Critical Vulnerability in sudo Under Active Exploitation

Critical Vulnerability in sudo Under Active Exploitation

The U.S. Cybersecurity and Infrastructure Security Agency (CISA) have issued a warning that hackers are actively exploiting a critical vulnerability (CVE-2025-32463) in the sudo utility, which allows commands to be executed with root-level privileges on Linux systems.

The flaw was first identified by researchers at Stratascale in the summer of 2025. CVE-2025-32463, which received a 9.3 score on the CVSS scale, affects sudo versions prior to 1.9.17p1. The vulnerability arises because the /etc/nsswitch.conf file from a user-controlled directory is used with the -R (chroot) option, enabling local users to escalate privileges.

“The sudo configuration is vulnerable by default,” the researchers explained. “Although the problem is related to the chroot function in sudo, exploiting it does not require any user-specific rules to be defined in sudoers.

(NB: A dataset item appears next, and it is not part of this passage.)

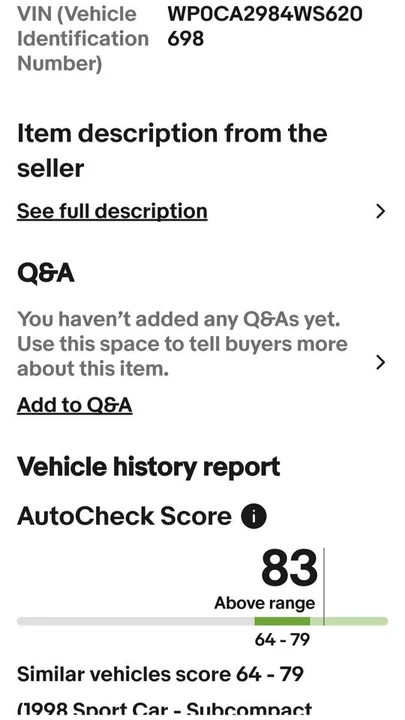 1998 Porsche 986 Boxster - Image 20 of 20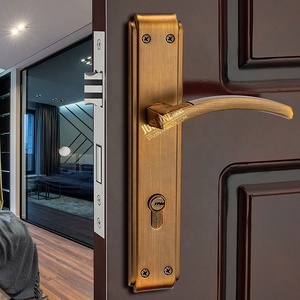 इतालवी डिजाइन दरवाजा ताला संभाल घर ऑफसेट हार्डवेयर मानक प्रकार दरवाज़े के हैंडल बहु पैक - Product Image 6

As a result, any local unprivileged user can escalate their privileges to root.”

In practical terms, an attacker can create a configuration file (/etc/nsswitch.conf) inside a user-specified root directory and trick sudo into loading an arbitrary shared library. This can lead to the execution of malicious commands with elevated privileges.

Sudo maintainer Todd C. Miller has stated that the chroot option will be completely removed in future releases, adding that user-specified root directory support is generally “prone to errors.”

Stratascale specialists published a proof-of-concept (PoC) exploit for CVE-2025-32463 in July. Since then, other exploits—likely derived from the technical report—have circulated publicly.

Now, CISA warns that the vulnerability is being used in real-world attacks. However, the agency has not disclosed specific incidents or explained how attackers are exploiting the flaw.